Looking back at Hamilton’s decision to go need-blind on its 10th anniversary

by Elise Wilson ’22, Contributing Writer

The Spectator
The Spectator

--

PHOTO COURTESY OF HAMILTON COLLEGE

This year marks the 10th anniversary of Hamilton becoming need-blind in admissions decisions. The Class of 2014 was the first class to go through the College under this policy.

Prior to 2007, Hamilton used $5,000-$10,000 merit scholarships to incentivise enrollment for top students. At the time, the College was officially “need-aware” but not “need-blind,” factoring student need into enrollment decisions. As Vice President for Enrollment Management, Monica Inzer proposed new ways to make Hamilton more available to students with financial need, including eliminating merit scholarships. That year, the Board of Trustees voted in favor of the change and accounted for this development in student financial aid policy in the College’s budget.

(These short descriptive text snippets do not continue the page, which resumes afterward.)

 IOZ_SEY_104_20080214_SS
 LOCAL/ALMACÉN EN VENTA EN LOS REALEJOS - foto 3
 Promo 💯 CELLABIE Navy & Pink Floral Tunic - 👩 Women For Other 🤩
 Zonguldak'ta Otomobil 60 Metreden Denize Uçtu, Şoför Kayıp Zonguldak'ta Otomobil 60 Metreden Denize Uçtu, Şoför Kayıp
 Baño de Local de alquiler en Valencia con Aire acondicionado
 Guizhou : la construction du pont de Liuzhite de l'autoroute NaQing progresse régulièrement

Still, Hamilton remained only “need-aware.”

“At a certain point in our process, we’d be overspent in financial aid with our offers of admission, and before we released decisions, we’d pull out students with high financial need,” said Inzer.

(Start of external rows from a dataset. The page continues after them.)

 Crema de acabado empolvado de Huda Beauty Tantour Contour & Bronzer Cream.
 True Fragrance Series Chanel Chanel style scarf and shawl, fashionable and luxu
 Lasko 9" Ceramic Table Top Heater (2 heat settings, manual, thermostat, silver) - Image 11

As a result, Hamilton hired an econometric modeling analyst to study the budget and determine whether going need-blind could be economically sound. Results were positive, and shortly after, former College President Joan Hinde Stewart and senior staff proposed the switch to need-blind to the Trustees.

“Our goal was to have the financial aid to admit the most talented students,” Inzer said of the vision, adding that this policy “reflects our values as a college and the values of our namesake.”

The Trustees supported the proposal enthusiastically; six pledged $500,000 each at the meeting to discuss the change to need-blind admissions. Over the next year-and-a-half, the College raised $40 million to support the new policy.

Beyond its promise of meeting 100 percent of demonstrated need, Hamilton is currently one of five of eleven NESCAC schools to claim need-blind status for domestic first-year applicants. This list also includes Bowdoin, Middlebury, Williams, and Amherst.

Some students say the financial incentive implicit in Hamilton’s need-blind status was a motivating factor for choosing the College.

“Hamilton opened up so many opportunities for me as an individual who comes from a low-income family,” Daniella Metti ’23 said.

“Financial aid was a big factor for me for choosing Hamilton. It was cheaper for me to go to Hamilton than to go in-state,” said Rachel Lu ’22. “I have spoken to many other students on financial aid, but I think economic diversity is not always visible at Hamilton.”

According to the official Hamilton website, however, the policy does not extend to transfer or international students. It states, “Due to the limited resources available for international students, the Admission Committee cannot be need-blind when evaluating applications from [them].”

Need-blind admission for international students remains a venture few schools have large enough endowments to afford. Forbes says that only five US schools — Harvard, Yale, Princeton, MIT, and Amherst — are need-blind for international students.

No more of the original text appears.